All joke, no punchline
We enjoy silly mischief simulators here at Pixel Die. Your goose games, your say-no-more-s, your goat sims, what have you. Sometimes you just crave an exceedingly stupid palate cleanser. Turnip Boy Commits Tax Evasion was that for many, a Zelda-adjacent parody game more interested in getting laughs out of its players via clever subversions and a punchy script.
I didn’t really like it!

Here’s a peak behind the curtain: I have a page long draft for a Turnip Boy 1 review that we never published. It borders on scathing and I’m honestly not entirely sure why it got under my skin so much in hindsight. That said, I do want to share some of my conclusions from it for context.
Turnip Boy Commits Tax Evasion plays like an old school parody flash game, with constant walking back and forth between NPCs trading items and not much else. When the game does present gameplay there’s very little to it. Despite being maybe 3 hours long it still feels like too much; too much walking, too much waiting, too much talking and not enough laughter even when it’s in its best moments. Turnip Boy Robs a Bank, to its credit, does not play like a Flash game. Instead it plays like Enter the Gungeon with a splash of Phantom Hourglass. And it’s fine. Again. But once again I’m left soured on the experience, because I am a joyless jerk.
This time we got a lot more game in our parody. TBRaB has you shooting and dodge rolling through the seemingly ever-expanding bank, then bailing when you run out of time, then blowing your ill-gotten gains on a wide range of upgrades. That’s a gameplay loop! We like those. For the first half or so of the game it’s even a damn good one. And then the game continues.

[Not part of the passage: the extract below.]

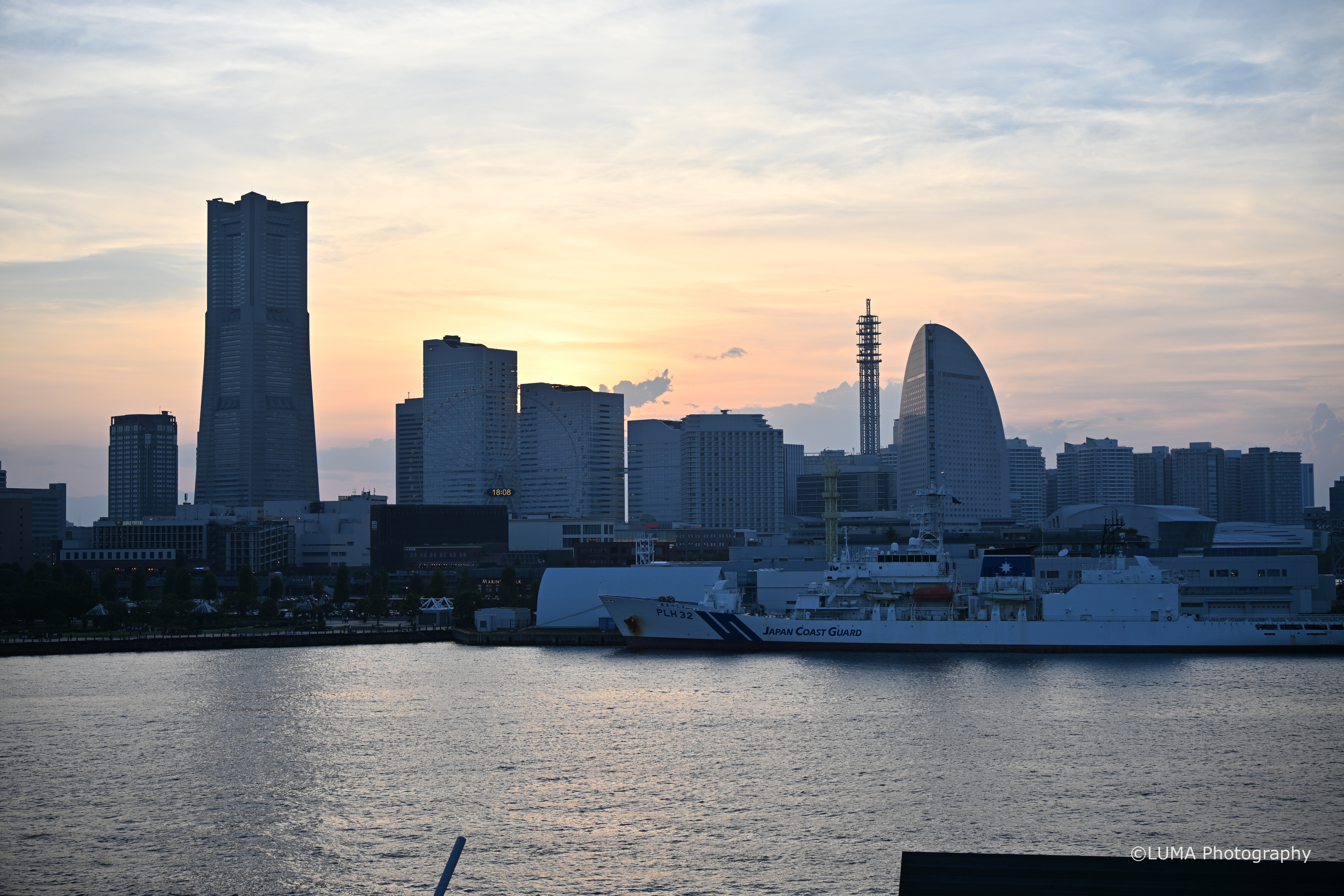 横浜の夕暮れ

Each run consists of driving through the wall of the bank’s lobby and getting as much done as possible within the time limit before bailing. You’ll shoot increasingly hostile baddies as you advance through the bank, make some form of permanent progress be it beating bosses or progressing quests, then spend your ill-gotten gains on various stacking benefits back at the safehouse. It’s tried, tested, and functional in other games, which is why we see it lifted here.
Unfortunately TBRaB has a few hitches that eventually make the ride more bumpy than its influences. All extra areas are navigated to via randomized elevators. The doors are in the same places, but they won’t take you to the same areas each run. This means you may have accomplished everything a quest needs, but won’t see the relevant door to turn it in until a few runs from now. Additionally many of the upgrades break the game in unpleasant ways, the greatest offender being time increases that just let you accomplish anything you want in any given run, completely draining the tension from the game. Games like Half Minute Hero or Minit demonstrate the strength of short timed loops, but TBRaB instead just gives up on its own premise and lets you run it over once you throw around enough dosh.
Is the actual moment to moment play good? I mean, if you like Enter the Gungeon and don’t mind it being a bit worse it’s serviceable. Your dodge is wildly powerful, granting heaps of I-frames that’ll keep you alive in any fight. The guns themselves start pretty awful, and melee is even worse, but you’ll eventually unlock guns so gonzo they can practically win fights for you no matter how good your aim is. Once again the game starts tight and ends brainless. If this in and of itself was played for laughs in a game so loaded with meta elements I’d be more forgiving, but the game seems entirely self-unaware. By the end it asks you to chain several fights but with any and all challenge evaporated this is just an exercise in drudgery, especially since you have to run it again from scratch if you do happen to make a mistake.

There’s a lot of writing in this game, as there was in the first, and it’s equally mixed. Some jokes are clever and legitimately got me! Most are blatant references or just a stupid one-note character playing their singular note on repeat with about as much finesse as the soloist in The Jones Girl. The computer guy wants a body pillow. The old lady lime wants a divorce so she can hit the club. The grandma talks in UWU speak that I should be compensated for having to read. On and on and on. None of it meaningfully integrates with the actual gameplay in any way, almost as if the game’s mechanics were an afterthought.
I make a point of not spoiling games whenever possible, but it isn’t a spoiler to say this game stops on a note so sour it’ll make your entire body pucker. Note I said “stops”, not “ends”, because there’s barely an ending. I got the achievement for doing all the sidequests too (technically not a 100% because there’s apparently an uncollected hat somewhere but I’m not going back) so it’s not like I missed something critical; the game just doesn’t bother. The last game ended somewhat poorly and this one is somehow worse, almost as if they ran out of time or budget or both and just dropped the curtain.
I know dismantling this particular game makes me a killjoy. I don’t care. Much like the first entry, Turnip Boy Robs a Bank trips over its own roots and doesn’t even attempt to pass it off as a joke this time around. The mechanics don’t hold up for more than half of its total runtime, the lack of any narrative conclusion to its hours of setup is disappointing, and duffing it at achieving any sense of cohesion between its two halves again is indicative of failure from all parties involved. I guess money really can’t buy happiness.